San Francesco è oggi più che mai uno dei personaggi chiave per comprendere come si vada configurando il cristianesimo in questo inizio di terzo millennio, a partire dalle parole con cui papa Bergoglio ha spie­gato la scelta del suo nome: «Come vorrei una Chiesa povera e per i poveri! Per que­sto mi chiamo Francesco, come Francesco da Assisi». Con la semplicità, la mitezza e l’intenso fuoco interiore che hanno contraddistinto la sua vita, ancora dopo otto secoli attrae nella Basilica dedicata al Santo di Assisi milioni di persone ogni anno.

Ma «perché scrivere un altro profilo biogra­fico?
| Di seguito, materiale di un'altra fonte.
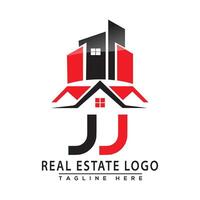 jj echt Nachlass Logo rot Farbe Design Haus Logo Lager Vektor. vektor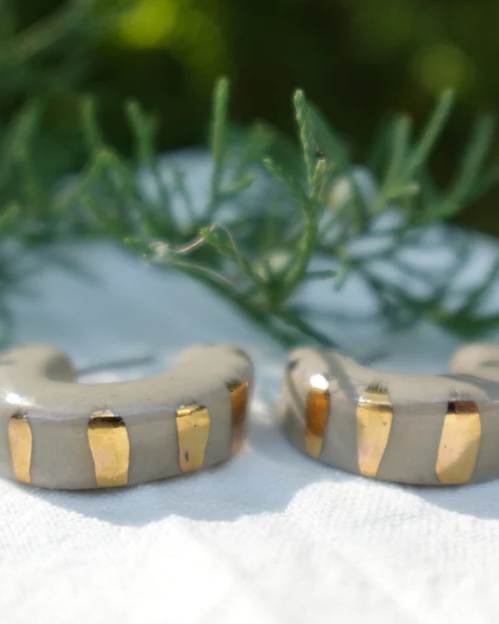 Lilikoi Project Radiant Hoops in Stone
Non bastavano le tante biografie, alcu­ne delle quali eccellenti, uscite negli ultimi anni?» si domanda nella Prefazione il cardi­nale Pietro Parolin, Segretario di Stato va­ticano. «La risposta è che questo lavoro ha una sua caratterizzazione specifica. Si po­trebbe dire che si tratta di una lettura eccle­siale del santo di Assisi. Padre Enzo Fortu­nato ha voluto mostrarci tutta l’attualità del pensiero e dell’azione di Francesco, men­tre la Chiesa cerca ogni giorno di compiere quel cammino in “uscita” chiestole da papa Francesco, di non essere cioè chiusa nel­le sue istituzioni, ma povera e aperta all’in­contro, capace di proporre il Vangelo con la parola e con la vita.»

In queste pagine, ricche di testimonianze letterarie e pittoriche, si delineano così i luo­ghi che ha visitato, gli incontri che ha fat­to, i gesti e le parole con cui ha formulato il suo messaggio, esplicitando quelli che sono stati il suo percorso personale ma anche la sua rivoluzione culturale, per spiegarne il «segreto».

Francesco è l’uomo moderno, come moderna è la lingua che usa sia per la poesia sia per la predicazione.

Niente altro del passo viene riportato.